TASK PROMPT: Set out exactly, line by line, the stretch of data below that begins at the line containing "Photo 10 from" and ends at the line containing "Custom Baseball Jersey", with both ends kept.

Dataset excerpts:
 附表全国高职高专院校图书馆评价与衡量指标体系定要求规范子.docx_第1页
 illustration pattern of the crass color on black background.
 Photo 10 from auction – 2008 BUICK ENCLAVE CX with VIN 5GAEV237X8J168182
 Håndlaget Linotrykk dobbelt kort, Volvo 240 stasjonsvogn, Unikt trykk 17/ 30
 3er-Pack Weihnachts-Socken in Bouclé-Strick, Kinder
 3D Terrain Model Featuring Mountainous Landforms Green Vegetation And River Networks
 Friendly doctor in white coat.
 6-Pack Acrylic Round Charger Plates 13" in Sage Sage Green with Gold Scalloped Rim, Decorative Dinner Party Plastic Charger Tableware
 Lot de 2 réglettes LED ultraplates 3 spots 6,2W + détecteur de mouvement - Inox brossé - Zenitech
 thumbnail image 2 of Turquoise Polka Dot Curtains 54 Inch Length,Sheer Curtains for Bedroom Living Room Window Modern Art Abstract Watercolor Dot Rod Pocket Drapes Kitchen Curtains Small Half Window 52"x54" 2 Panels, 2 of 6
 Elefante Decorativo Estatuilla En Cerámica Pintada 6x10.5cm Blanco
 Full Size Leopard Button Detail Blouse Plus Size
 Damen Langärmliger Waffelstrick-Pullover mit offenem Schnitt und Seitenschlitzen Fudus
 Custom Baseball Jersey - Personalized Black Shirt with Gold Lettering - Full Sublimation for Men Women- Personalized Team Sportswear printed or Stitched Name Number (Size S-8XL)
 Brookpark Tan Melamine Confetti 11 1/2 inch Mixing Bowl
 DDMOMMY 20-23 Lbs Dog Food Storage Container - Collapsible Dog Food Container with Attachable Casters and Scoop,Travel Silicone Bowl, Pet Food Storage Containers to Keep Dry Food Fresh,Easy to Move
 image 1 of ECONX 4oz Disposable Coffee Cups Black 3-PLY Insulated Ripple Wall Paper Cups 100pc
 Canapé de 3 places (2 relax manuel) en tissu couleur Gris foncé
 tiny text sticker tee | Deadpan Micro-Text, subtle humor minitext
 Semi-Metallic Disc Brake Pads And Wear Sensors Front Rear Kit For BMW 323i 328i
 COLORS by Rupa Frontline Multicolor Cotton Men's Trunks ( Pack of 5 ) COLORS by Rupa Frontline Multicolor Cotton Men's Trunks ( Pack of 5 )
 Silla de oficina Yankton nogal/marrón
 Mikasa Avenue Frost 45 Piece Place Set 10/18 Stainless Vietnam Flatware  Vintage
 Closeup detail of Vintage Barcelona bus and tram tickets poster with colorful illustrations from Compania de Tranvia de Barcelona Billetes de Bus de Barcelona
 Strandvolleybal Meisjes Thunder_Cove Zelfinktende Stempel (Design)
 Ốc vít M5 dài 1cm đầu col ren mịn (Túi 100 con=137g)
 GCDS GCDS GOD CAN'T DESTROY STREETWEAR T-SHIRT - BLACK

SOLUTION FOR THIS TASK:
 Photo 10 from auction – 2008 BUICK ENCLAVE CX with VIN 5GAEV237X8J168182
 Håndlaget Linotrykk dobbelt kort, Volvo 240 stasjonsvogn, Unikt trykk 17/ 30
 3er-Pack Weihnachts-Socken in Bouclé-Strick, Kinder
 3D Terrain Model Featuring Mountainous Landforms Green Vegetation And River Networks
 Friendly doctor in white coat.
 6-Pack Acrylic Round Charger Plates 13" in Sage Sage Green with Gold Scalloped Rim, Decorative Dinner Party Plastic Charger Tableware
 Lot de 2 réglettes LED ultraplates 3 spots 6,2W + détecteur de mouvement - Inox brossé - Zenitech
 thumbnail image 2 of Turquoise Polka Dot Curtains 54 Inch Length,Sheer Curtains for Bedroom Living Room Window Modern Art Abstract Watercolor Dot Rod Pocket Drapes Kitchen Curtains Small Half Window 52"x54" 2 Panels, 2 of 6
 Elefante Decorativo Estatuilla En Cerámica Pintada 6x10.5cm Blanco
 Full Size Leopard Button Detail Blouse Plus Size
 Damen Langärmliger Waffelstrick-Pullover mit offenem Schnitt und Seitenschlitzen Fudus
 Custom Baseball Jersey - Personalized Black Shirt with Gold Lettering - Full Sublimation for Men Women- Personalized Team Sportswear printed or Stitched Name Number (Size S-8XL)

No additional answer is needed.